Posted in Mortgage by Michigan Real Estate Expert on April 12th, 2018

How The 2018 Tax Changes Can Affect Your MortgageWhen the chatter was at its peak on the 2018 tax law changes being proposed, one of the big areas of concern for homeowners was the elimination of the mortgage interest deduction. Right behind that issue was a similar treatment with regards to property tax deductions.

As the rumors swirled and Congress moved, many feared both deductions had finally met their day and were going to be entirely eliminated, resulting in a major financial hit that many homeowners and particularly those in high real estate cost states would have felt painfully. As it turned out, there’s no reason to panic or suddenly dump titled real estate just because it has been bought with a mortgage. 

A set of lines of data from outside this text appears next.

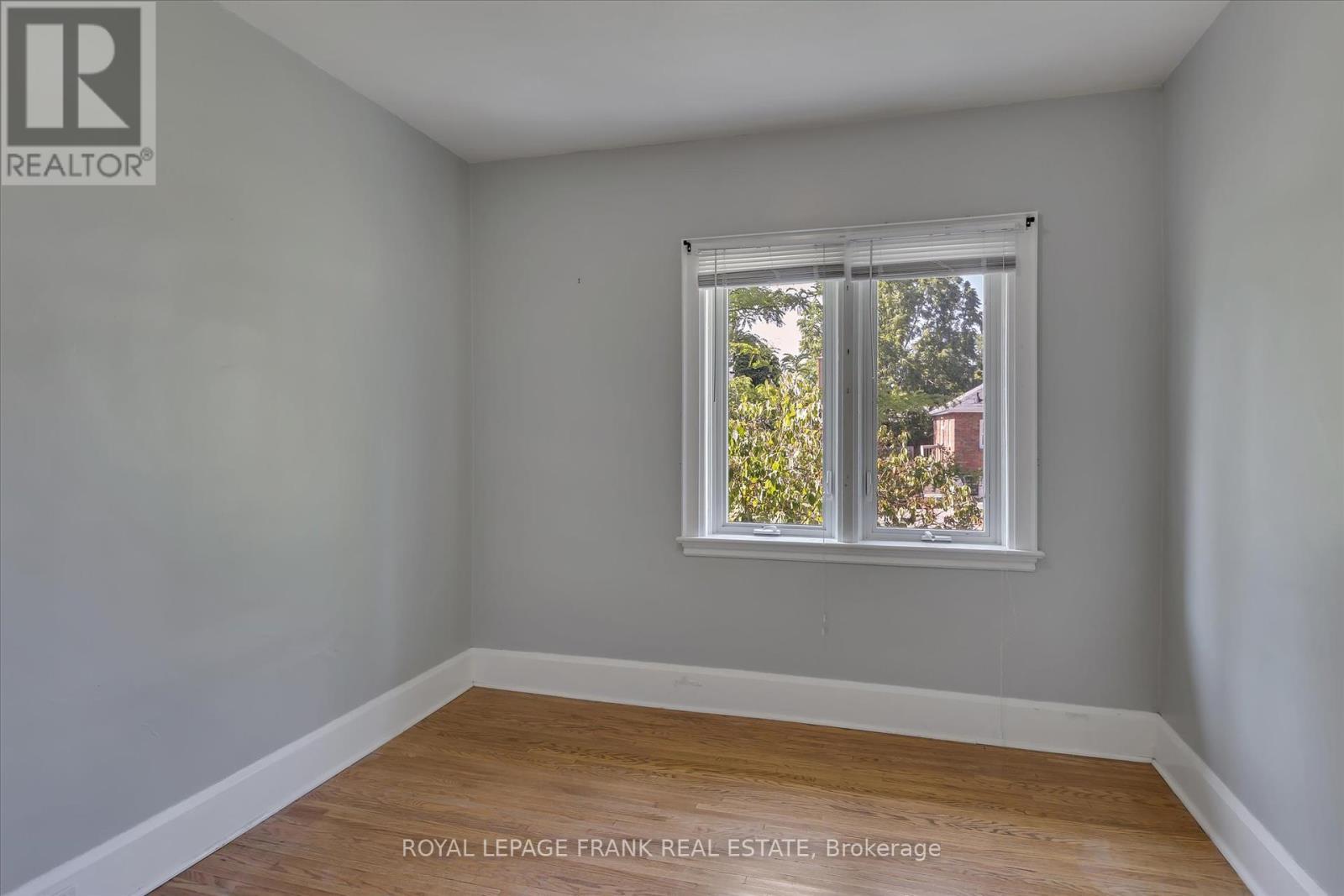 












720 BETHUNE STREET

,
Peterborough North (South),




Ontario
K9H4A4

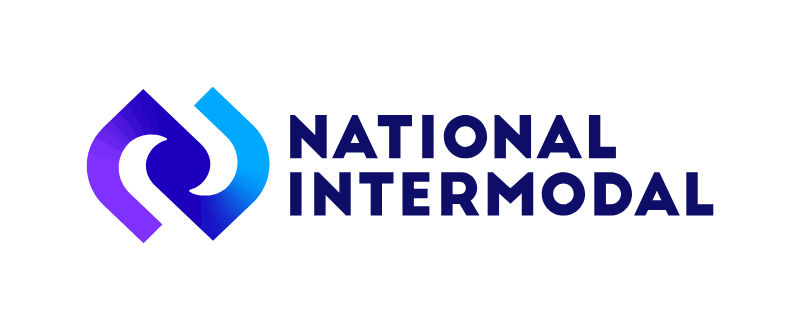 National Intermodal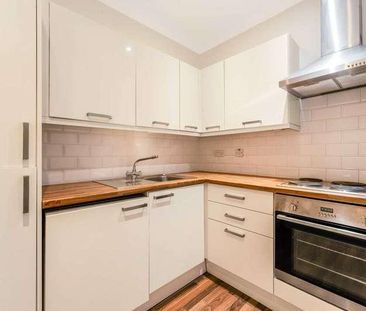 Bellwood Street, Glasgow, G41 - Photo 2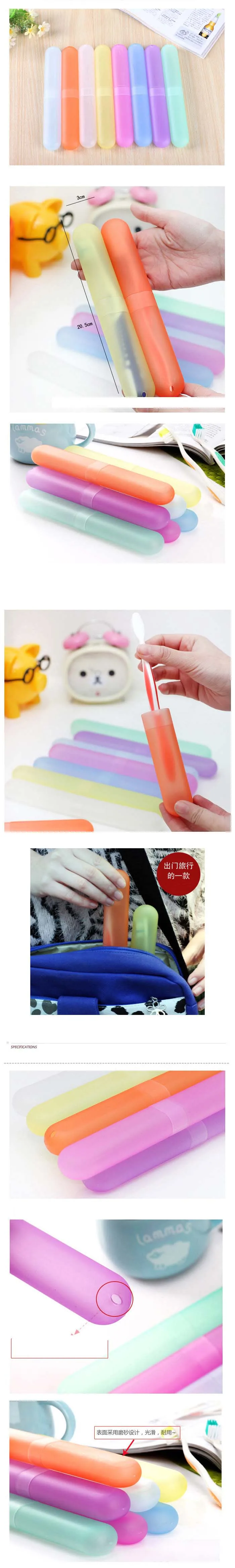 9251782934_1114247009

Yes, both issues were impacted by the 2018 tax law changes, but neither the mortgage interest deduction nor the property tax deduction were eliminated entirely. Instead, they were modified.

The changes include:

  • Mortgage interest deduction – the new laws cap the eligible debt to $750,000. While old loans originated prior to the law change date are still eligible up to $1 million, new mortgages created after the enactment date are caught in the lower universe. However, being realistic, most homebuyers are not in the bracket that afford a $750,000 plus priced home except maybe in a few communities such as New York City or the San Francisco/Bay Area in California. So the change basically means business as usual for 9 out of 10 homeowners in the U.S.
  • Real estate property taxes – total state and local taxes eligible for deduction are now capped at $10,000. This is where some homeowners could feel a pinch as a typical home in higher cost states easily generates property tax levels of $5,000 to $7,000 for a $300,000 home. So those units assessed a higher value by tax auditors will likely feel this new limitation take effect.
  • The standard deduction increase – remember, the above items are only useful to the extent that a tax filer itemizes his deductions. With a standard deduction now at $12,000 for an individual and $24,000 for a married couple, filing jointly, the option to itemize could go away entirely if the standard deduction provides a higher level of tax savings overall. And then that makes the above two deductions entirely moot and useless. Of course, it’s not entirely a plus since the personal exemption is also eliminated, thus reducing the benefit of the higher standard deduction by as much as $4,150 per person. In essence, the change is a wash, but could be enough to bar use of itemization, which would hurt greatly.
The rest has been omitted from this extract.